Copy the data that follows exactly, and include none of its images.

#### DATASET EXTRACT ####

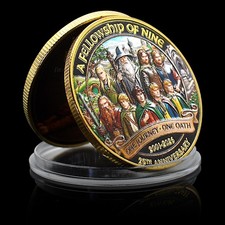 LOTR Coin Gedenkmünze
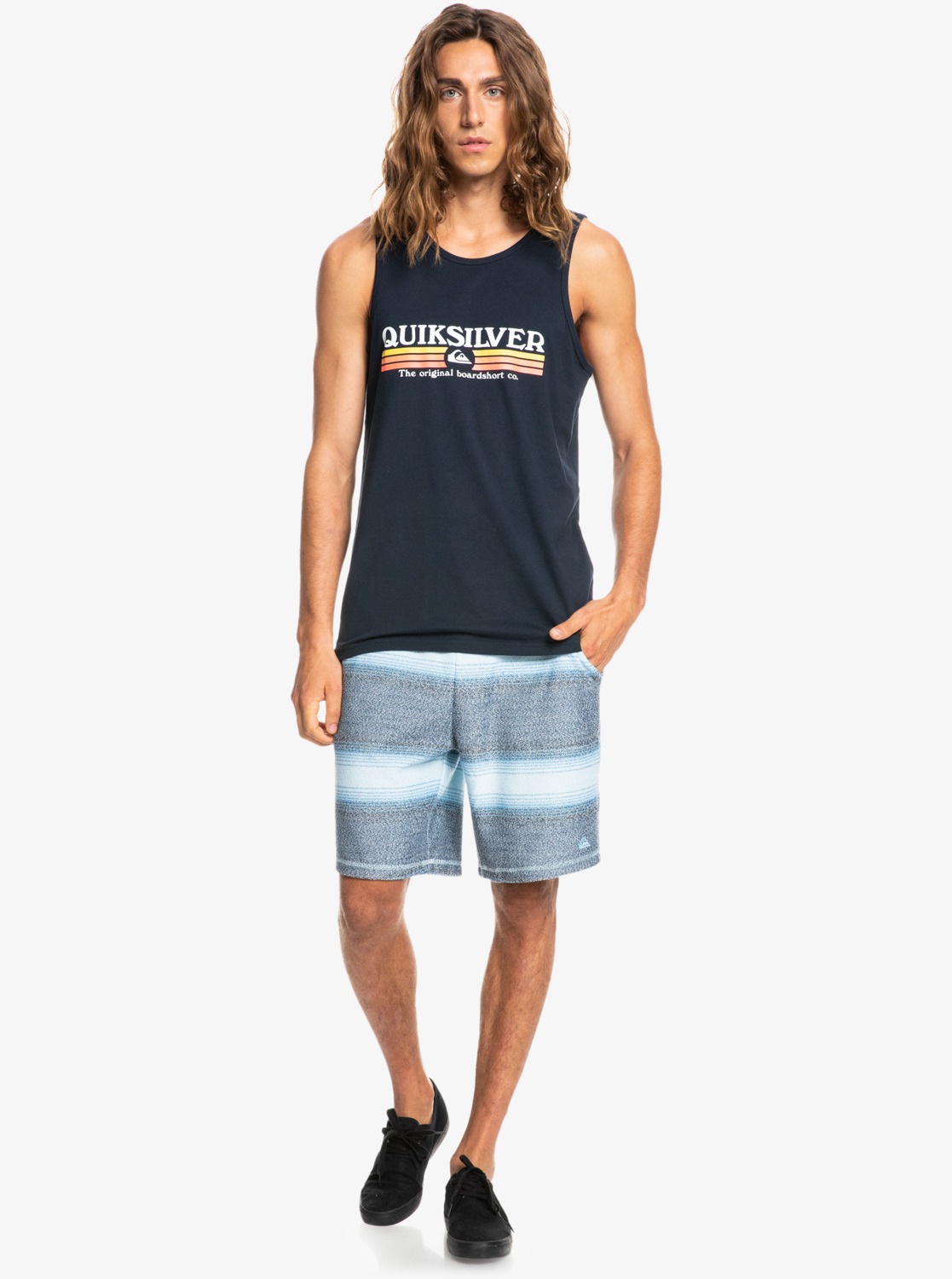 Quiksilver Tanktop »Lined Up«
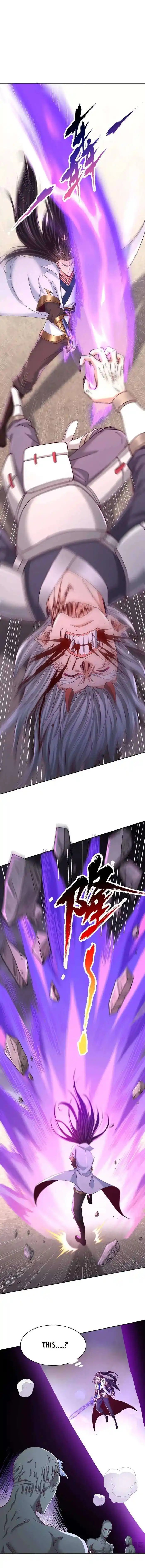 The Time of Rebirth Ch.528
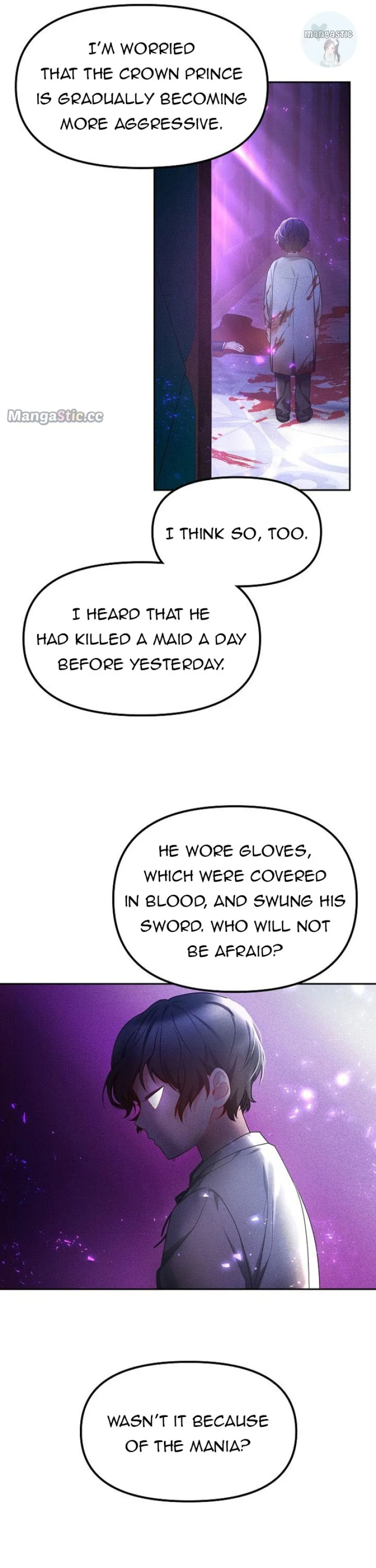 The Baby Dragon Tames the Crazy People Chapter 9 page 32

####

SOLUTION FOR THIS EXERCISE:
 LOTR Coin Gedenkmünze
 Quiksilver Tanktop »Lined Up«
 The Time of Rebirth Ch.528
 The Baby Dragon Tames the Crazy People Chapter 9 page 32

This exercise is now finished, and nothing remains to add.